Hive tutorial 4 – hive ordering, sorting data and hive transactions

ORDER AND SORT

ORDER BY (ASC|DESC): This is similar to the RDBMS ORDER BY statement. A sorted order is maintained across all of the output from every reducer. It performs the global sort using only one reducer, so it takes a longer time to return the result. Usage with LIMIT is strongly recommended for ORDER BY. When hive.mapred.mode = strict (by default, hive.mapred.mode = nonstrict) is set and we do not specify LIMIT, there are exceptions.


SELECT name FROM service_table_external ORDER BY portid DESC;

SORT BY (ASC|DESC): This indicates which columns to sort when ordering the reducer input records. This means it completes sorting before sending data to the reducer. The SORT BY statement does not perform a global sort and only makes sure data is locally sorted in each reducer unless we set mapred.reduce.tasks=1. In this case, it is equal to the result of ORDER BY.


SELECT name FROM service_table_external SORT BY portid DESC;

DISTRIBUTE BY – Rows with matching column values will be partitioned to the same reducer. When used alone, it does not guarantee sorted input to the reducer. The DISTRIBUTE BY statement is similar to GROUP BY in RDBMS in terms of deciding which reducer to distribute the mapper output to. When using with SORT BY, DISTRIBUTE BY must be specified before the SORT BY statement.
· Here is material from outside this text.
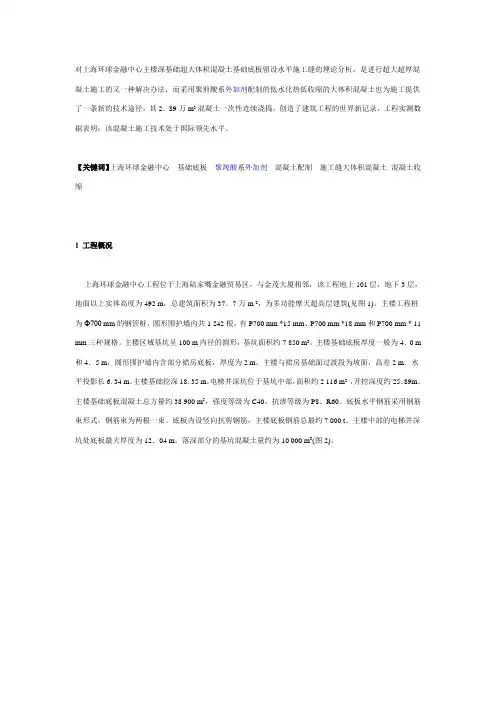 上海环球中心基础施工方案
And, the column used to distribute must appear in the select column list.


SELECT port_id FROM service_table_external DISTRIBUTE BY device_id;

Error: Error while compiling statement: FAILED: SemanticException [Error 10004]: Line 1:44 Invalid table alias or column reference ‘port_id’: (possible column names are: device_id) (state=42000,code=10004)

The below query will work with no issues


SELECT port_id,device_id FROM service_table_external DISTRIBUTE BY device_id;

Used with SORT BY


SELECT port_id,device_id FROM service_table_external DISTRIBUTE BY device_id sort by port_id;

CLUSTER BY – This is a shorthand operator to perform DISTRIBUTE BY and SORT BY operations on the same group of columns. And, it is sorted locally in each reducer. The CLUSTER BY statement does not support ASC or DESC yet. Compared to ORDER BY, which is globally sorted, the CLUSTER BY operation is sorted in each distributed group. To fully utilize all the available reducers when doing a global sort, we can do CLUSTER BY first and then ORDER BY.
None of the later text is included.